To explore the interaction between hydrogen and Gd-based AMA in more details, the atomic structure of the hydrogenated alloy was further investigated by special aberration-corrected high-resolution TEM (HRTEM) and HAADF-STEM. The HRTEM image indicates that the sample possesses a unique structure with some structurally ordered regions with several nanometers in size embedded in the amorphous matrix (Fig. 2a). This can be further seen from the inverse Fourier transform (IFT) image (Fig. 2b) of region A in Fig. 2a, in which lattice stripes (white area) were observed. Moreover, the SAED pattern reveals the presence of the GdH2 phase (Fig. 2c), which implies that the ordered region may be the GdH2 clusters. The STEM image indicates more clearly that many nanosized (2–5 nm) ordered hydrides (NOH) are embedded homogeneously in the amorphous matrix (Fig. 2d). The amorphous matrix serves as a shell with a thickness of 1–4 nm, which wraps up the NOH structure. And the concentration profiles of Gd, Al, and Co elements (Fig. 2e) along the diagonal line of the STEM image in Fig. 2d show a random fluctuation without any correlation with the contrast variation observed in Fig. 2d. This means that there is no apparent concentration difference of Gd, Al, and Co between the NOH and amorphous matrix. High-resolution STEM (HRSTEM) has been carried out to further characterize NOH regions (Fig. 2f). The NOH regions can be observed clearly, which comprise several ordered clusters. Element mappings in Fig. 2g–i present a homogenous distribution, which agrees with the results shown in Fig. 2e. This means that hydrogenation does not induce aggregation of elements, and the hydrogen atoms just occupy the interstitial sites and most of them interact with their neighboring Gd atoms to form NOH. Electron energy loss spectroscopy (EELS) was further used to characterize the structurally ordered regions. Figure 2j shows the EELS spectra for the typical ordered region B and disordered region C. A peak at 13.6 eV from the hydrogen K edge is clearly observed for region B (NOH) in Fig. 2f, which is absent for region C. In a word, the Gd-based SNDP-GH material comprises the randomly distributed GdH2 clusters of around 3.6 nm in diameter and the remaining amorphous shell with a thickness of 1–4 nm. The similar structures were also constructed in the GdNiAl and DyCoAlSi AMAs via hydrogenation (Supplementary Fig. 1).

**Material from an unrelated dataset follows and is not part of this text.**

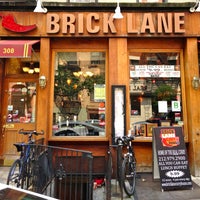 Photo taken at Brick Lane Curry House by The Corcoran Group on 7/1/2013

Fig. 2: Nanoscale structure and elemental analyses of the GdCoAlH powder.
figure 2

a HRTEM image and b the further magnification of region A (after inverse Fourier transform) in a, showing the local ordering structures induced by hydrogenation. c Corresponding SAED pattern. d, e HAADF image and element fluctuation along the diagonal. fi HRSTEM image and corresponding EDS mappings of Gd, Co, and Al elements. j EELS curves of the regions B (local ordering structure) and C (adjacent amorphous structure) in (f).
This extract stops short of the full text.